# The computer has rebooted from a bugcheck



## syedmcsa (Oct 18, 2011)

The computer has rebooted from a bugcheck. The bugcheck was: 0x000000e1 (0xfffff80001abc03c, 0x0000000000000002, 0xfffffa8004551b80, 0xfffffa8004551b80). A dump was saved in: C:\Windows\Minidump\Mini101711-02.dmp.

For this problem am getting frequently can you any give me the solution of this 

My OS Is Windows Server Standard 2008 64 Bit

Can U please help me on this 

Please find the bug.txt file also its taken from blue screen viewer and give me the solution on this

Syed Hasain


----------



## VirGnarus (Jun 28, 2010)

Can you please provide us a JCGriff Report? Also, if this is not a production server, please turn on Driver Verifier while we're trying to find the problem. Thanks.


----------



## syedmcsa (Oct 18, 2011)

VirGnarus said:


> Can you please provide us a JCGriff Report? Also, if this is not a production server, please turn on Driver Verifier while we're trying to find the problem. Thanks.



Hi,

As per your instruction please find the attachment of System Health Performance report & Windows_NT6_BSOD_jcgriff2 Report.... please guide further

Syed Hasain


----------



## syedmcsa (Oct 18, 2011)

syedmcsa said:


> Hi,
> 
> As per your instruction please find the attachment of System Health Performance report & Windows_NT6_BSOD_jcgriff2 Report.... please guide further
> OS - WIdows Server 2008 Standard *·* x86 (32-bit) or x64 ? : 64 Bit *·* What was original installed OS on system? : Windows Server 2008 Standard *·* Is the OS an OEM version (came pre-installed on system) or full retail version (YO purchased it from retailer)? : Original *·* Age of system (hardware) : May be 3 years *· *Age of OS installation - have you re-installed the OS? : 3 Years. i didnt reinstalled the os *· *CPU : Intel(R)Xeon(R) 2.33 GHz *· *Video Card *· *MotherBoard *· *Power Supply - brand & wattage *·* System Manufacturer : Assembled *·* Exact model number (if laptop, check label on bottom) : Assembled
> Syed Hasain


----------



## VirGnarus (Jun 28, 2010)

This is definitely a bad driver, so Driver Verifier should be able to certainly help in discovering it. Unfortunately the crashdumps themselves don't show much because they're minidumps and it looks like the faulting driver left the scene. Without Driver Verifier we won't be able to do much here.


----------



## syedmcsa (Oct 18, 2011)

VirGnarus said:


> This is definitely a bad driver, so Driver Verifier should be able to certainly help in discovering it. Unfortunately the crashdumps themselves don't show much because they're minidumps and it looks like the faulting driver left the scene. Without Driver Verifier we won't be able to do much here.


Thanks for your reply...

For driver verifier what is the steps are need to be done?? can u please guide me on this 

My OS is Windows Server 2008 Standrad Edition 64 bit. in this how can i take the restore point.? after driver verifier its not booting properly means what is the steps are i need to follow.. 

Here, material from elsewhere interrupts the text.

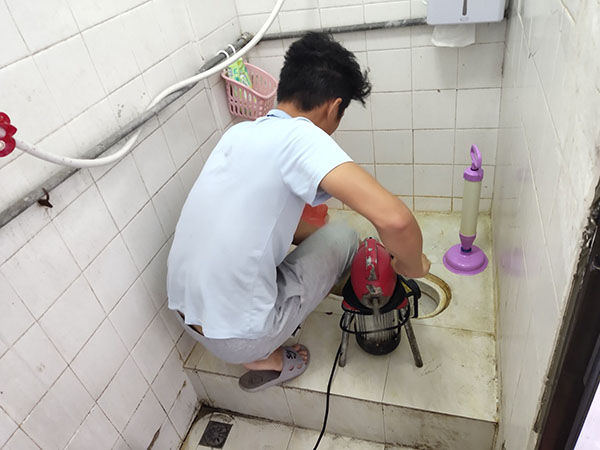 凤凰管道堵塞冒臭气 专业师傅现场解决问题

For example after driver verifier am restarting the server am getting the blue screen after that should i do.. i need to restart repeated untill blue screen come or what???

Syed Hasain


----------



## VirGnarus (Jun 28, 2010)

Please refer to the link to Driver Verifier I mentioned previously on my first post. It should instruct you on how to setup Driver Verifier. I recommend keeping it on for the duration of this troubleshooting.


----------



## syedmcsa (Oct 18, 2011)

VirGnarus said:


> Please refer to the link to Driver Verifier I mentioned previously on my first post. It should instruct you on how to setup Driver Verifier. I recommend keeping it on for the duration of this troubleshooting.


Thanksz for your reply..

In Windows Server 2008 standard 64 bit its possible to create restore point??? and How??? i trying to taking the restore point but am unable to get that.. can u please guide me how take the restore point in windows server 2008


Thanksz
Syed


----------



## VirGnarus (Jun 28, 2010)

You must have System Restore service enabled. Make sure that is the case. When it is, you can then access it to create and use system restore points.


----------



## syedmcsa (Oct 18, 2011)

VirGnarus said:


> You must have System Restore service enabled. Make sure that is the case. When it is, you can then access it to create and use system restore points.


Dear Virgnarus,

Thanks for your responding my queries.. My question is now how to create the restored point in windows server 2008 64 Bit Standard edition.
Am trying to creating the restore point and i checked google also am not yet get the any results on this ... can you please guide me how to create the Enble the restore point service in windows server 2008

Syed Hasain


----------



## VirGnarus (Jun 28, 2010)

I'm sorry, System Restore is for the consumer version of the OS (Vista). Win 2003/2008 does not have System Restore. Rather, there's the ability for Shadow Copies as well as Windows Backup.


----------